Overnight, North Korea fired artillery shells at Yeonpyeong, an inhabited South Korean island, prompting a response from South Korea and the scrambling of fighter jets. At least four soldiers were wounded in the attack, and according to the BBC two marines died.

It’s unclear why North Korea would suddenly shell the island. Pyongyang claimed that the South fired first. South Korea acknowledged that they were engaging in military exercises on Yeonpyeong, but were firing away from North Korea, in the opposite direction. The North Koreans claimed that they warned the South Koreans to stop the military drills.

In March, a torpedo sunk a South Korean warship, killing 46 sailors. But North Korea denied responsibility for that incident. In this case, the artillery shells clearly came from the North.

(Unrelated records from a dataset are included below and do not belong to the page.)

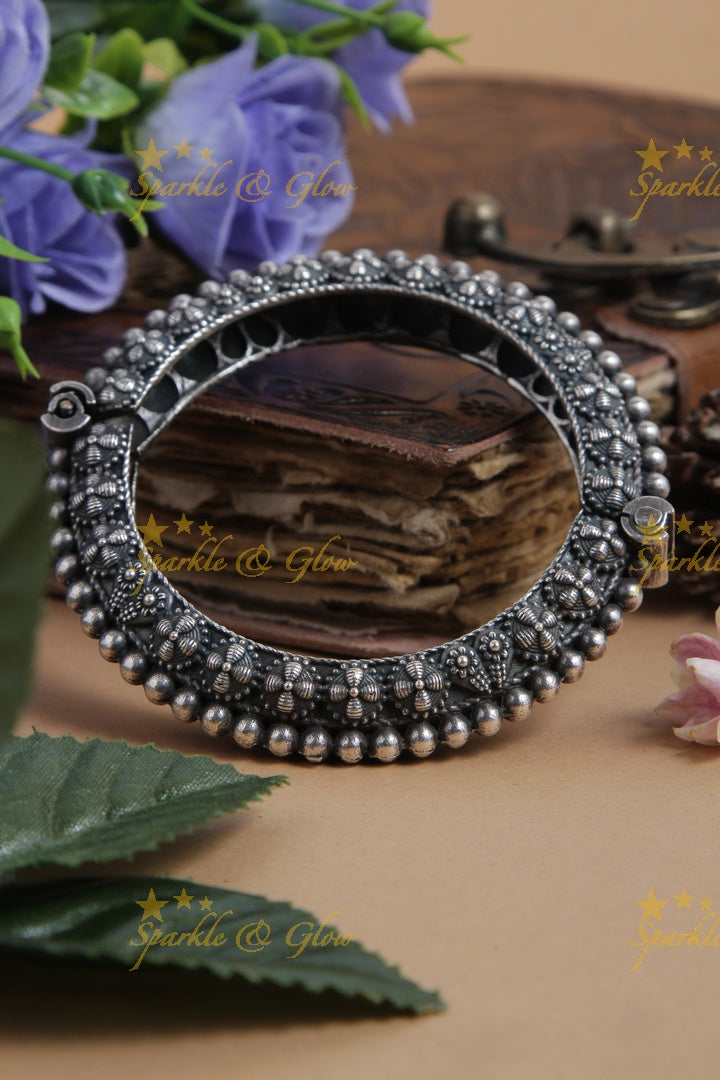 Divine Silver look alike floral round design openable bangle
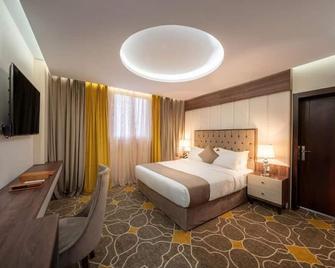 Ahad Rafidah Garden Millennium Hotel - Al Maraghah - Habitación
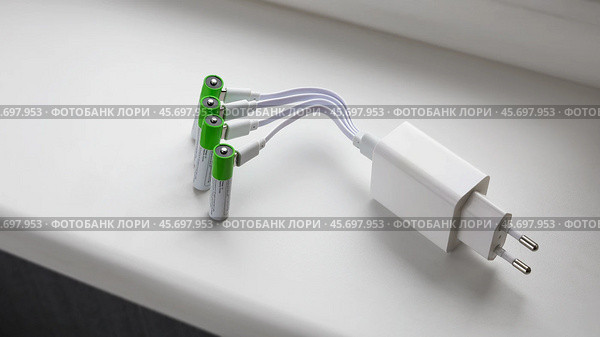 Четыре аккумуляторные батарейки ААА с подключенными штекерами USB проводов зарядки с блоком питания от розетки. Стоковое фото, фотограф Vladimir Vikhrov / Фотобанк Лори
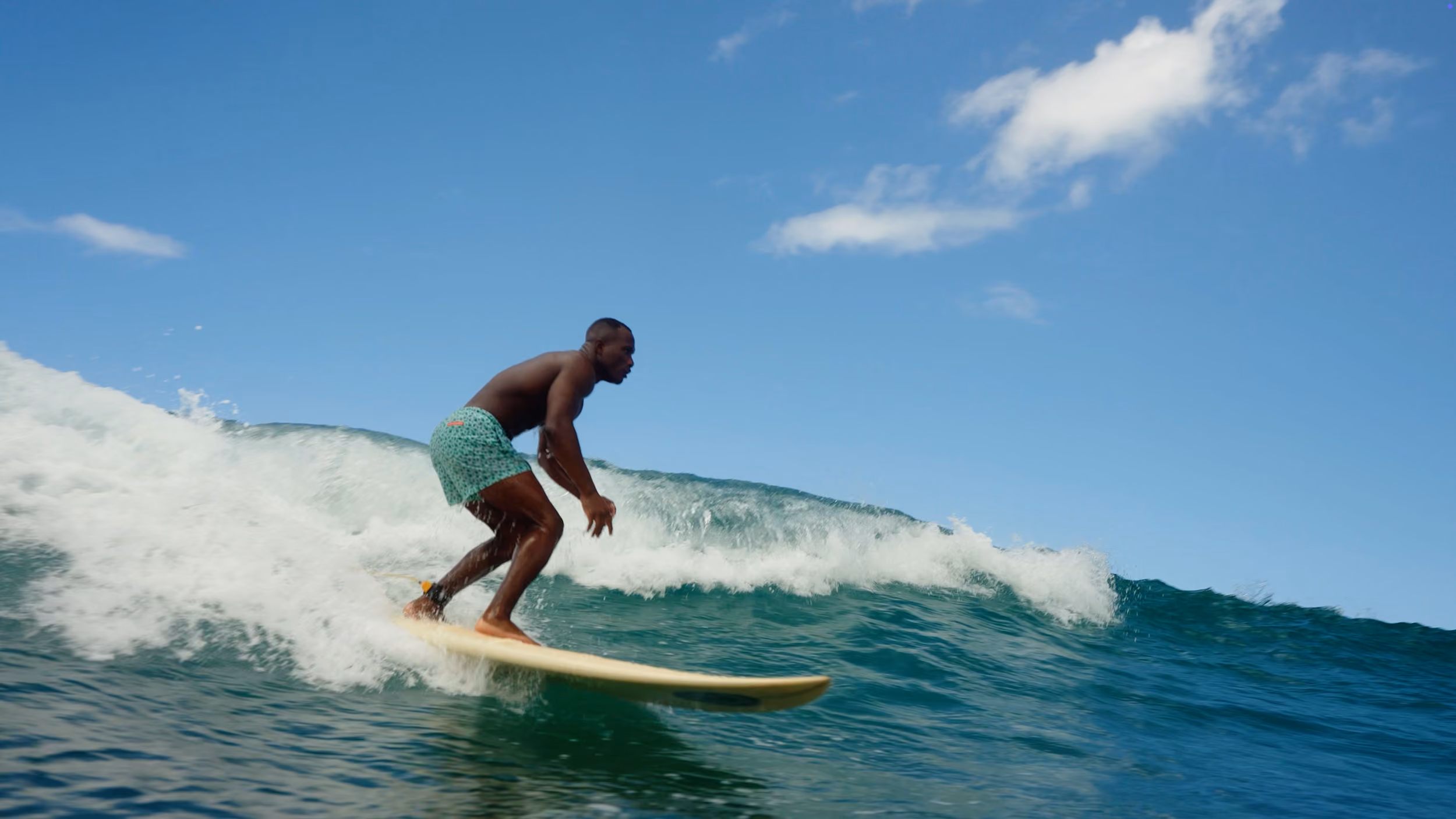 Man surfing on a yellow surfboard riding a wave under a blue sky with scattered clouds.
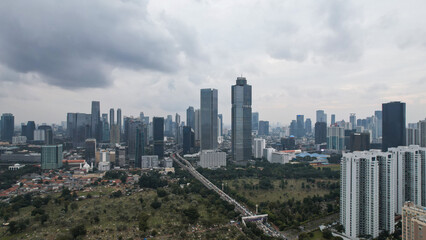 Aerial view of Asia Business concept for real estate - panoramic modern cityscape building bird eye aerial view and morning blue bright sky in Jakarta. 
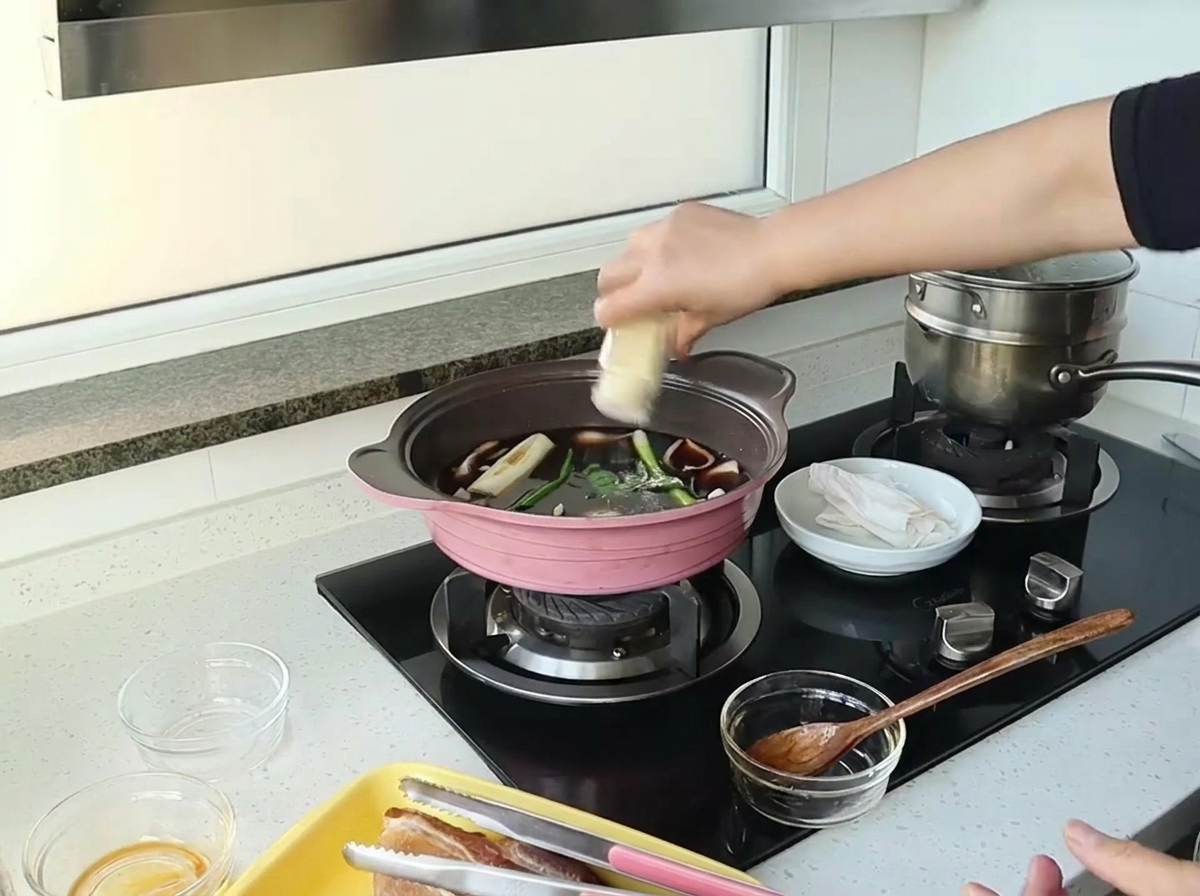 Eine Hand schüttelt Ingwerpulver aus einem kleinen Glas in einen Topf mit dunkler Sauce, Zwiebeln und Frühlingszwiebeln.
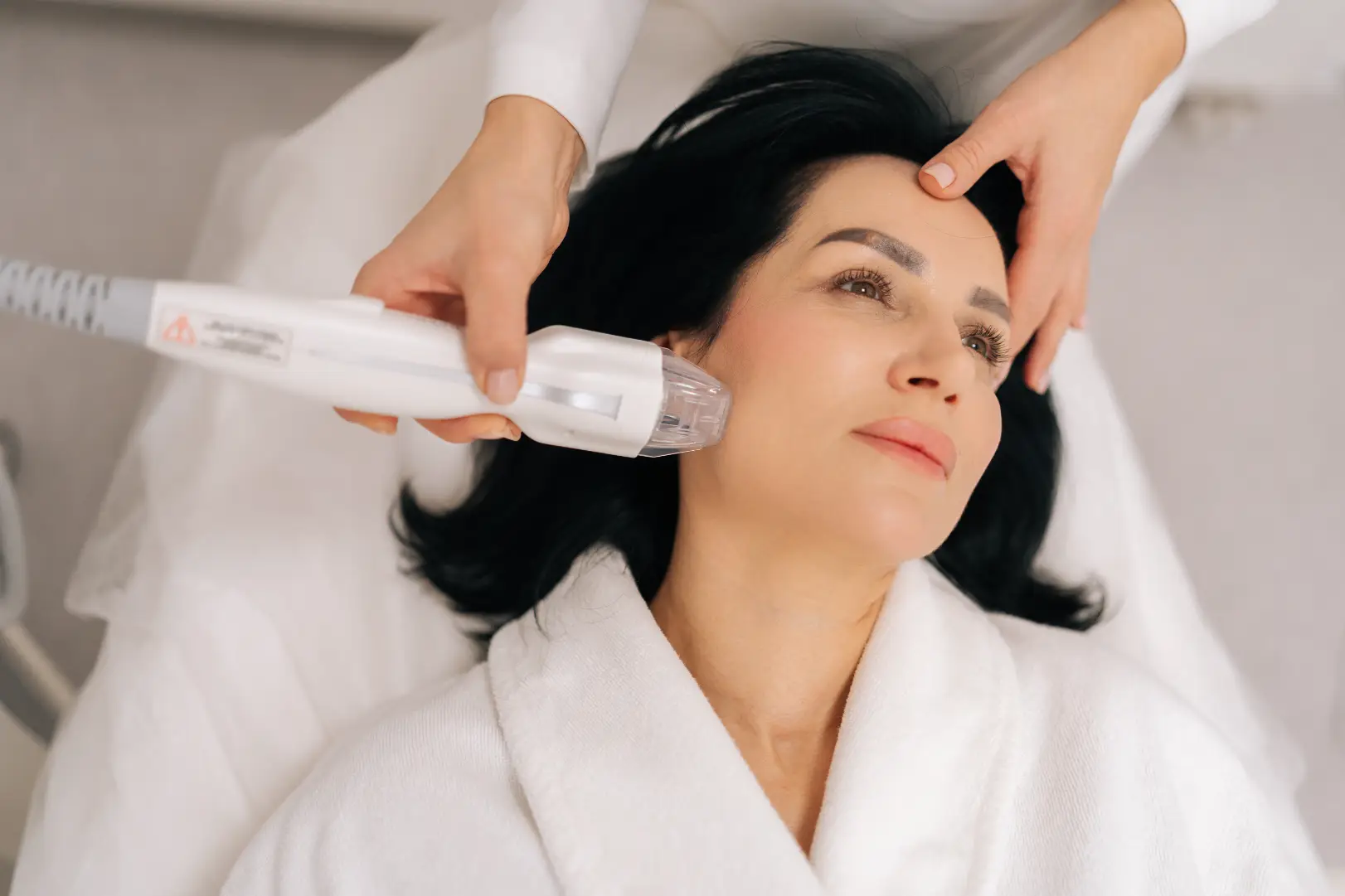 Practitioner holds a handheld device against a woman's cheek while she reclines on a treatment bed.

In November 2009, the two countries traded volleys around their maritime border.

Yeonpyeong, which is two miles from a disputed naval border and twelve miles from the North Korean coast, has seen gunfire in the past, including an incident in 2002 that killed 13 Northern sailors and 5 Southern sailors.

The White House has denounced the attack. “The United States strongly condemns this attack and calls on North Korea to halt its belligerent action and to fully abide by the terms of the Armistice Agreement,” said Press Secretary Robert Gibbs in a statement.

There may be an emergency session of the UN Security Council today or tomorrow about the incident.

North Korean leader Kim Jong-il, currently believed to be ill, has turned over the reins to his son, Kim Jong-un, and this action could be related to ensuring the succession.

South Korean leader Lee Myung-bak called the attack a “clear armed provocation” and warned of retaliation.